Smart-casual. This is the marina, not a job interview in an office, but you're presenting yourself as a professional. Clean chino trousers or smart shorts, a neat polo or shirt, clean deck shoes or non-marking trainers. No flip-flops. No ripped jeans. You want to look like you already belong on a yacht.

Avoid loud colours or patterns. Dress as close to crew uniform as you can — navy and white always works in this industry.

What to bring

  • Your CV pack (20+ copies in a folder, not a screwed-up bag)
  • Water — you'll be walking for hours
  • Sunscreen — marinas have zero shade in summer
  • A small notepad to record which vessels you've visited and any names you were given
  • Your phone, charged — captains sometimes call the same day

What to say

You're not pitching. You're introducing yourself. Keep it short, confident, and direct. Here's a simple framework:

"Hi, I'm [Name]. I'm looking for a deckhand/stew position. I have my STCW and ENG1, and [X] relevant experience. Is the captain aboard, or would you be willing to pass on my CV?"

That's it. You don't need a speech. What you need is:

  • Your name
  • The role you're looking for
  • Your key qualifications (STCW, ENG1, any experience)
  • A clear ask — can I leave my CV / speak to the captain?

If the crew member takes your CV, ask for the captain's name. If the captain is aboard, ask if they have 2 minutes. Most captains, even when they're not hiring, will give you a quick conversation if you're polished and respectful — and they'll remember you if something comes up.

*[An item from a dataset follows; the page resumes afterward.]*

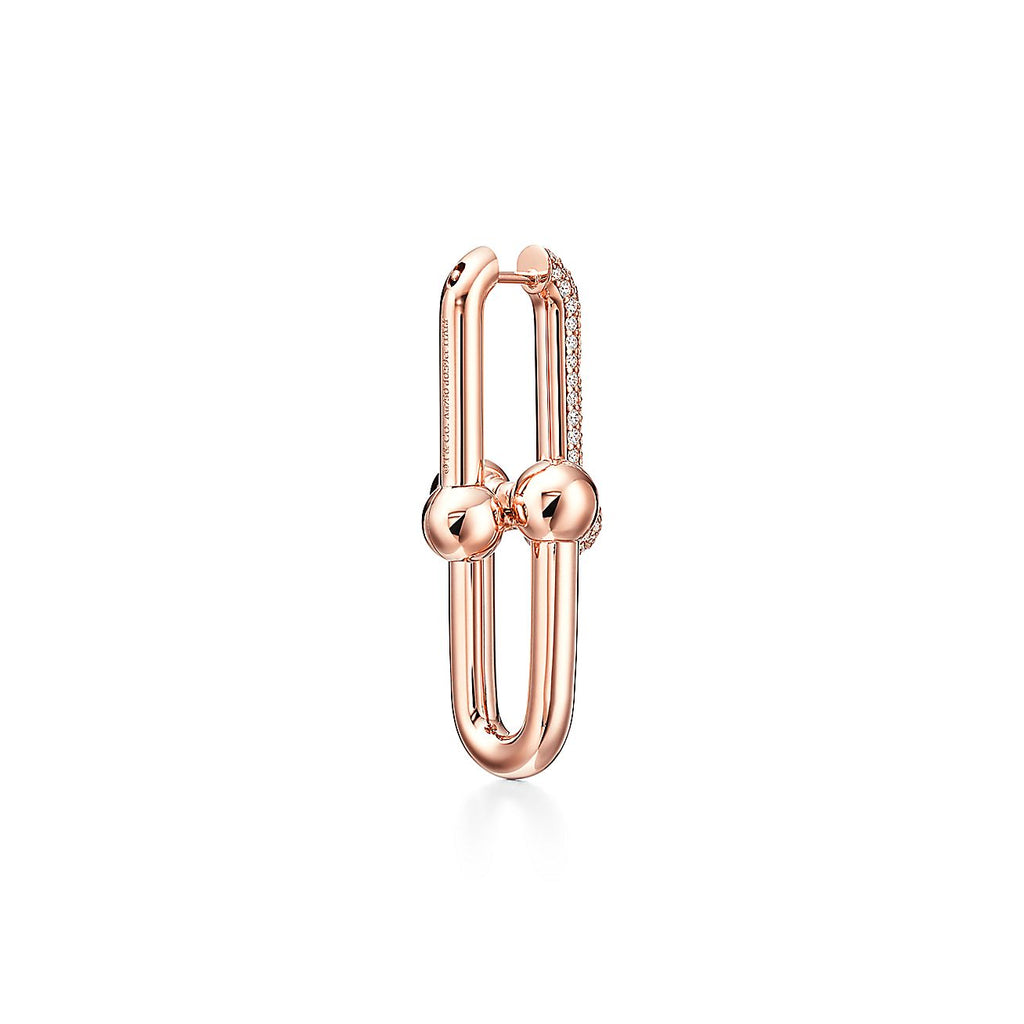 Tiffany HardWear Large Link Diamonds 18K Gold Earrings product image 6, provided for visual reference and product detail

If you're told they're not hiring, say "No problem — thank you for your time. Would it be alright if I checked back in a few days?" Then actually do it.

Best times to dock walk

Timing matters more than most people realise:

Time of day

Early morning (7:30–10am) is when captains and officers are on deck, before guests arrive or schedules take over. Mid-afternoon (2–4pm) is the second window — after lunch and before the evening. Avoid 12–2pm (lunch) and after 5pm (crew downtime and evening preparations).

Time of season

The two weeks before and after the start of each season are when most crew changeovers happen. In the Med, this means late April/early May and late September/October. In the Caribbean, it's late October/November and March/April. Being in the right place as yachts are preparing for or wrapping up a season puts you in the best position.

The boat show effect

The Fort Lauderdale International Boat Show (October) and the Palma International Boat Show (April) bring huge concentrations of owners, captains, and yachts into one place. The weeks surrounding these events are prime dock walking time.

Dos and don'ts

✓ Do
  • Be consistent — go out every day
  • Keep a log of every boat you visit
  • Go back to the same boats after a few days
  • Be polite to everyone, from deck crew to owner
  • Follow up on any promising conversations by email
  • Talk to other dock walkers — share intel
  • Use the PYC Facebook group for current leads
✗ Don't
  • Board a vessel without being invited
  • Interrupt crew who are working
  • Ignore private yachts — they hire too
  • Only dock walk once and give up
  • Go out after 5pm or arrive reeking of last night
  • Badmouth your previous employers
  • Lie about your qualifications or experience

Dock walking by location

Each port has its own geography, rules, and culture. We've written detailed guides for every major dock walking location — which pontoons to target, where security is strict, the best nearby crew bars, and current tips from the community.

Beyond dock walking

Dock walking works best as part of a broader strategy. While you're in the marina every day, also:

  • Register with crew agencies — they handle the longer-term contracts that dock walking rarely yields. Yotspot, YPI Crew, and Meridian are worth registering with.
  • Use the PYC Facebook groups — crew post daywork opportunities and short-term positions constantly. Often faster than any other channel.
  • Do daywork — a day's labour on a boat, even unpaid initially, gets you aboard, known, and sometimes leads to a full position.
  • Stay in crew houses — the information network among crew looking for work is invaluable. Your crew house will be full of people with the same goal, and captains know where crew house.